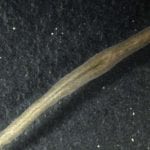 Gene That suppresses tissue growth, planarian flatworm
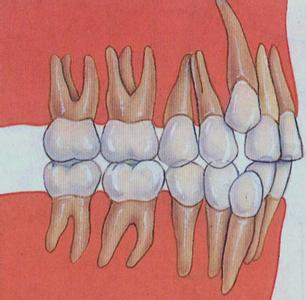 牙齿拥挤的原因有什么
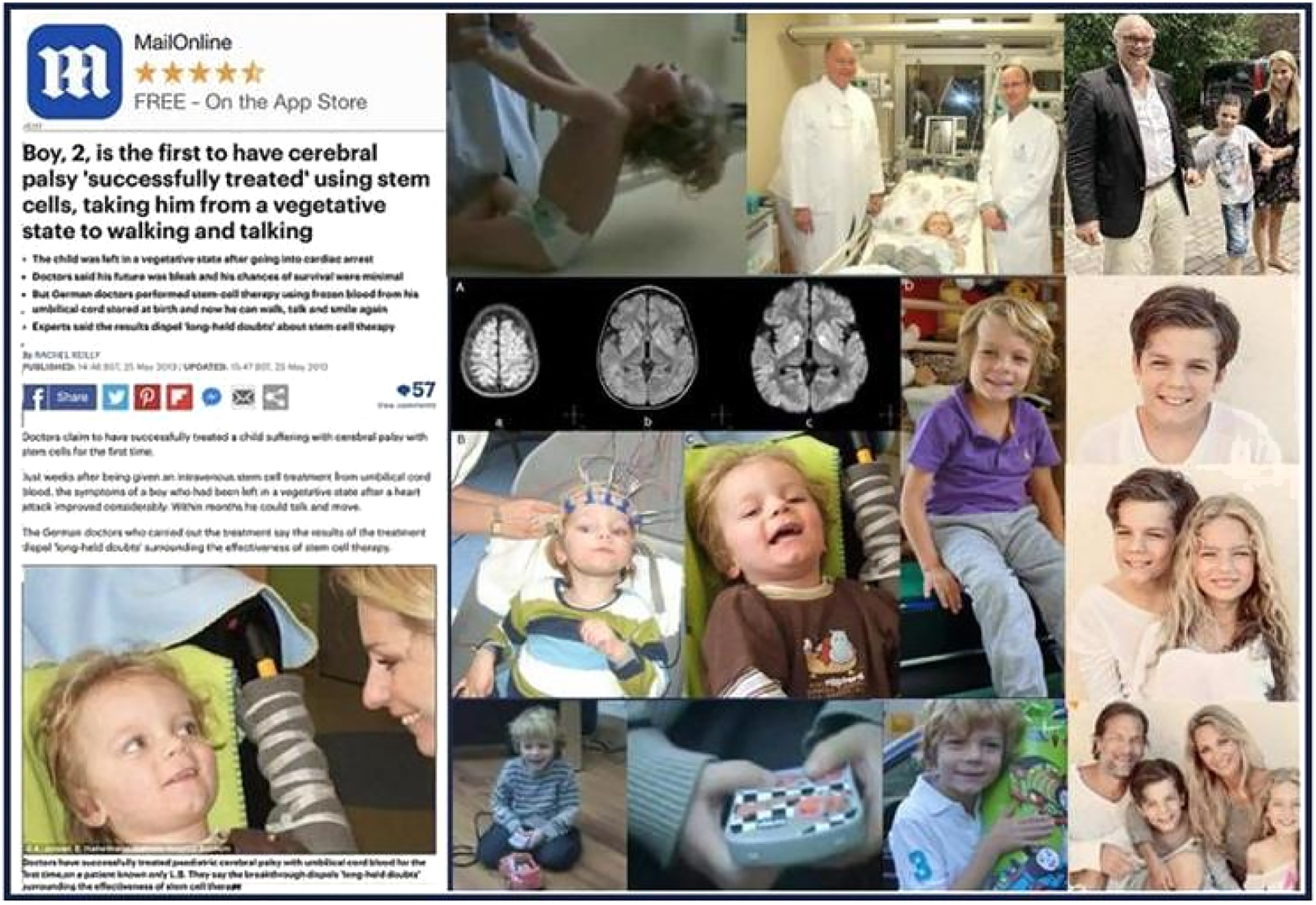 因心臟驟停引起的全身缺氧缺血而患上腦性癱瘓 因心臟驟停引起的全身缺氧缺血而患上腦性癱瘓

---

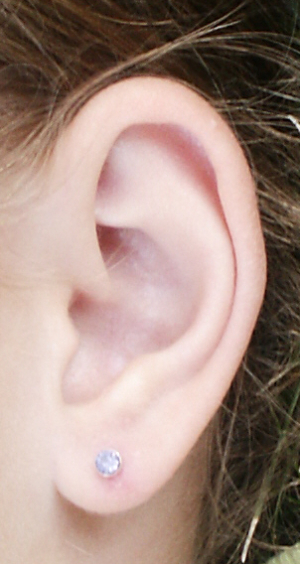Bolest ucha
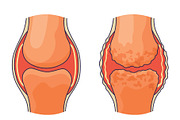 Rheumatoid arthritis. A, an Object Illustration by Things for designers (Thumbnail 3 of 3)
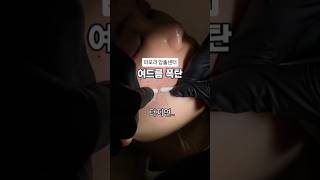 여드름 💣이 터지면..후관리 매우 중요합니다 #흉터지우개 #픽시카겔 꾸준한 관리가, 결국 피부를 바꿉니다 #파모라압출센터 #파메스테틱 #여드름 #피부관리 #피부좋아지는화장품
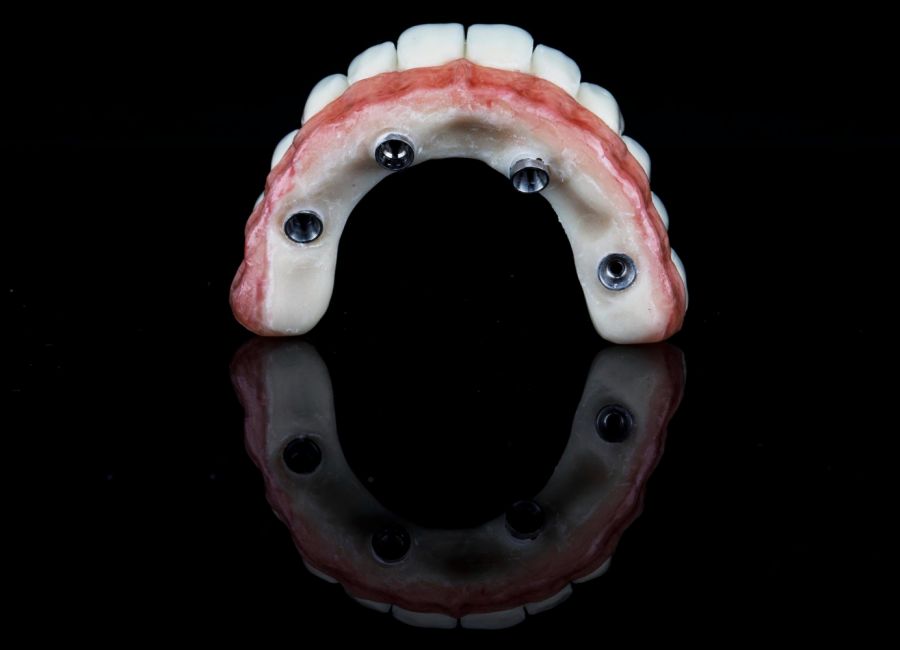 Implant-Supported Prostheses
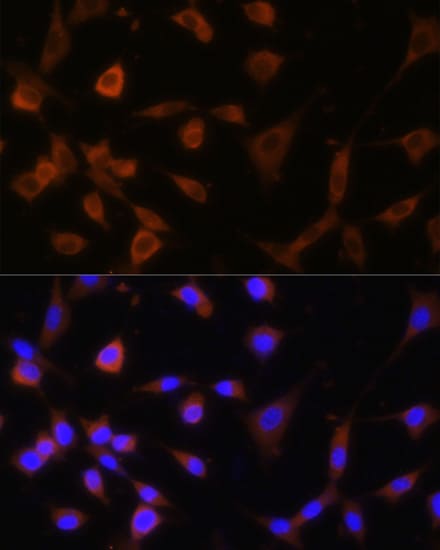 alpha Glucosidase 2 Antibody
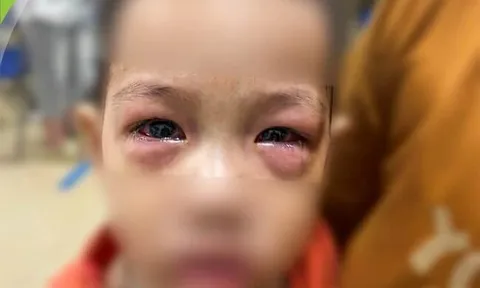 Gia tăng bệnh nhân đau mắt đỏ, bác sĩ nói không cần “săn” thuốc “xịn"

TASK GOAL — The answer is those lines of the material above that run from the one containing "Gene That suppresses" up to and including the one containing "因心臟驟停引起的全身缺氧缺血而患上腦性癱瘓 因心臟驟停引", restated exactly and without images.

FINISHED TASK —
 Gene That suppresses tissue growth, planarian flatworm
 牙齿拥挤的原因有什么
 因心臟驟停引起的全身缺氧缺血而患上腦性癱瘓 因心臟驟停引起的全身缺氧缺血而患上腦性癱瘓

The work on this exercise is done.